En cette époque hivernale au cours de laquelle le ministère de l’Écologie et le gouvernement sont en train de réfléchir sur le « plan loup » qui s’appliquerait en France de 2018 à 2023, il est nécessaire de rappeler que toutes les études menées aux États-Unis, au Canada et en Europe du Nord montrent que les mises à mort « administratives » de loups ne règlent aucun des problèmes soulevés par les chasseurs et les éleveurs.

Pour le territoire français, le ministère de l’Écologie avait autorisé 40 infractions à la loi, (nationale et européenne) qui protège rigoureusement cet animal, pour une période comprise entre le 1er juillet 2017 et le 30 juin 2018. En cette fin de novembre, le « score » officiel est déjà de 25 loups. Chiffre qui ne tient évidemment pas compte des animaux discrètement empoisonnés et de ceux qui sont non moins discrètement abattus par des chasseurs et plus rarement par des éleveurs. Les estimations les moins pessimistes relevées auprès des naturalistes et des scientifiques, font actuellement état de 50 à 60 animaux déjà « éliminés ». Alors que le Canis lupus compte en France, tous âges et sexes confondus, entre 350 et 370 individus.

Braconnage

Ces chiffres ne sont pas surprenants puisque les enquêtes, notamment celles menées pendant les quinze dernières années dans le Minnesota et le Wisconsin aux États-Unis, tendent à prouver que l’autorisation d’abattre des animaux avait pour conséquence d’encourager et aussi de dissimuler le braconnage. Or celui-ci, d’après Adrian Treves, chercheur à l’université du Wisconsin, peut représenter jusqu’à un quart des prélèvements autorisés. Les dégâts entraînés sur la survie de cette espèce sauvage sont d’autant plus importants que si les tirs sélectifs peuvent réussir à respecter un certain équilibre, il n’en est jamais de même en ce qui concerne le braconnage, qu’il s’agisse des États-Unis, de la Suède et évidemment de la France. Comme ils l’ont fait ailleurs pour le lynx, les chasseurs-braconniers privilégient les femelles et des petits. L’expérience montre que tout manquement à la protection d’une espèce mène à sa disparition.

Chasseurs et éleveurs obsédés

Pour « calmer » les deux syndicats d’agriculteurs qui militent ouvertement pour l’éradication totale du loup avec l’appui des associations de chasseurs obsédés par la « concurrence », les responsables des Offices de la chasse et de la faune sauvage (ONCFS), des préfectures et des tribunaux ont reçu du nouveau ministre de l’Agriculture Stéphane Travert (seul vrai décisionnaire sur le loup) de fermer les yeux et de classer sans suite les infractions concernant le loup. 

Malgré tout, les responsables de l’ONCFS se sont refusés à dissimuler les résultats d’une étude sur l’origine des loups vivant sur le territoire français. Comme éleveurs, agriculteurs et chasseurs répandaient la rumeur que la majorité des animaux tués légalement ou non, était des hybrides (croisements avec des chiens), les scientifiques de la chasse ont vérifié puis conclu, après analyses, que d’après les traces relevées, directement ou indirectement, sur 130 individus, seuls deux pouvaient être considérés comme des hybrides.
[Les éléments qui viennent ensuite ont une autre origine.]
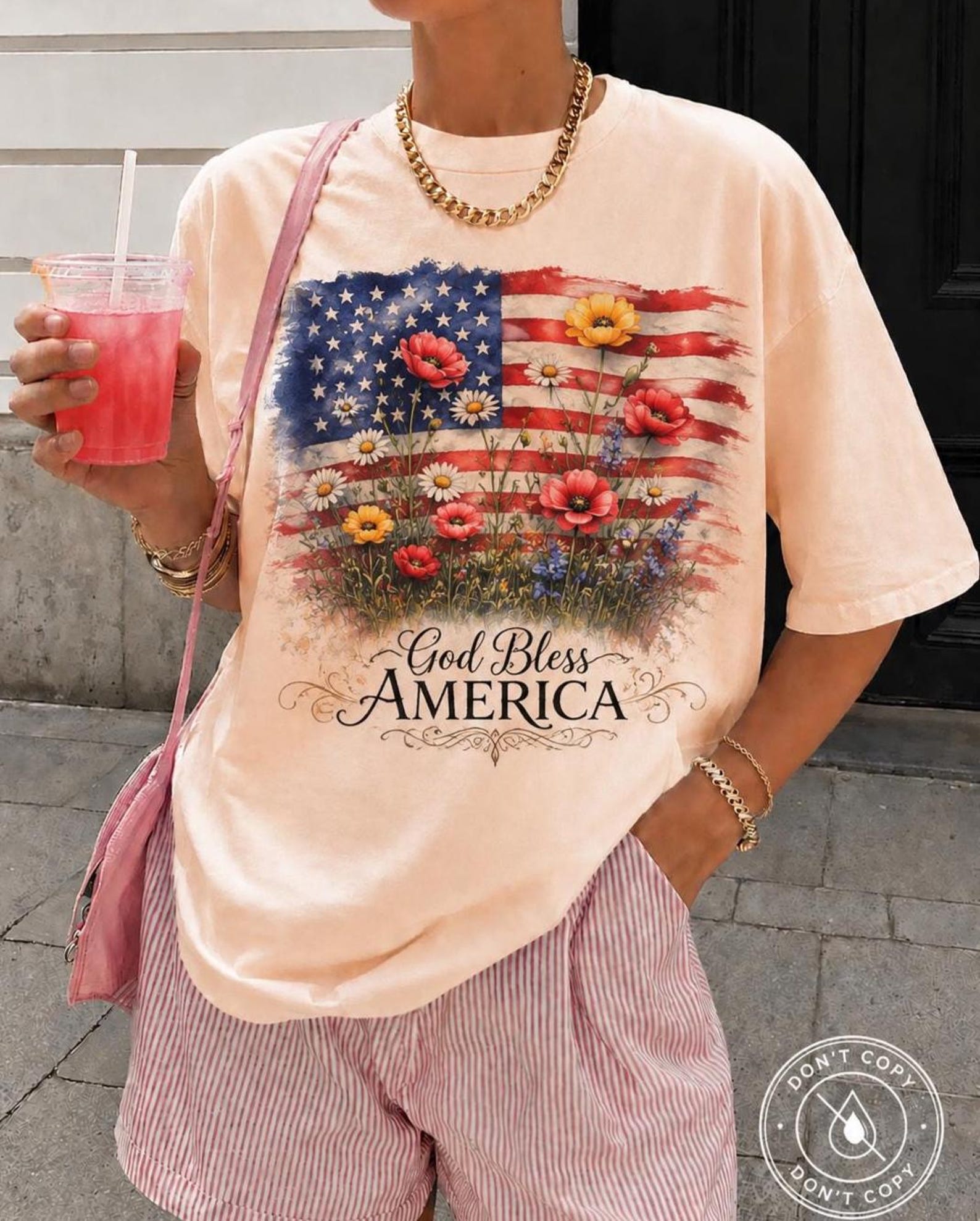 Floral American Flag Shirt, America 250 Years Shirt, Patriotic Floral USA Tee, 4th Of July T-Shirt, Patriotic Wildflower USA Tee S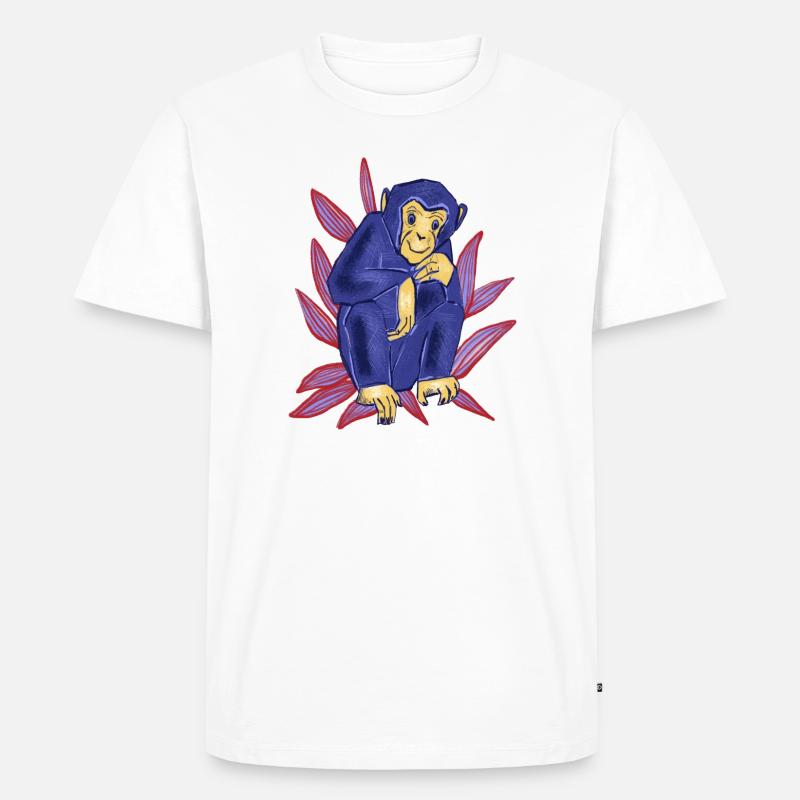 Blauer Affe - Männer Premium Bio T-Shirt - Weiß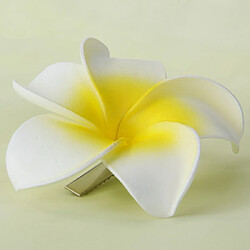 Avis Pince à Cheveux Pour Femme En Forme De Fleur De Mousse De Plumeria Hawaïenne Mariée Blanc Et Jaune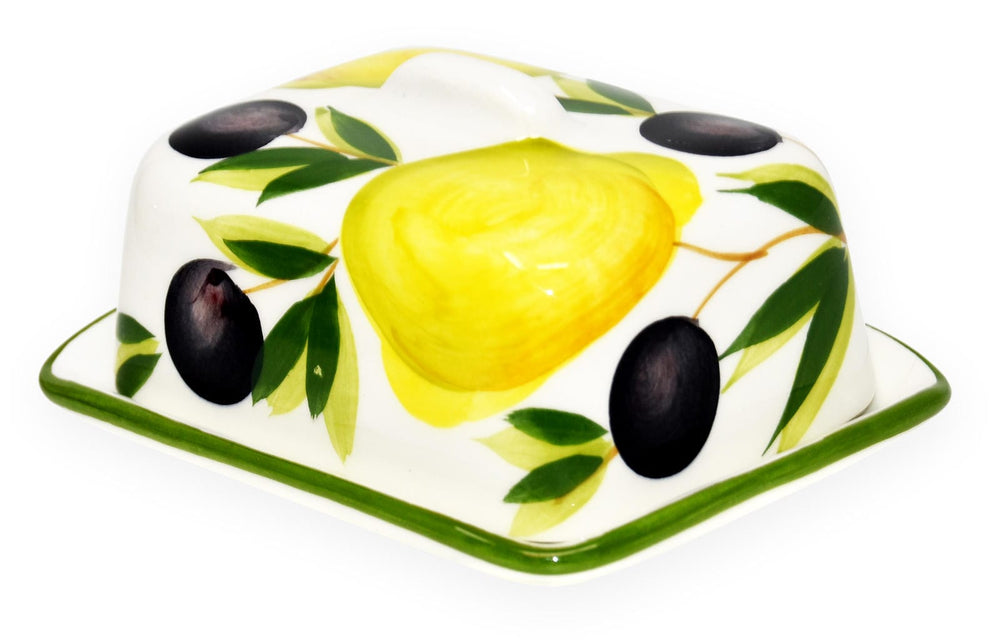 Handgemachte Butterdose aus Italienischer Keramik bemalt Zitronen - Olive  Größe 12x9 cm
Tous les autres relevaient de la lignée italienne ayant fait son apparition en France en 1992.

Reste maintenant à savoir quelle décision prendra prochainement le ministre de l’Agriculture entre l’intensification importante des tirs d’effarouchement ou l’élimination en cinq ans de 180 à 200 loups, chiffres qui circulent au cabinet. Et malheureusement pour le loup, il y a des élections en 2019….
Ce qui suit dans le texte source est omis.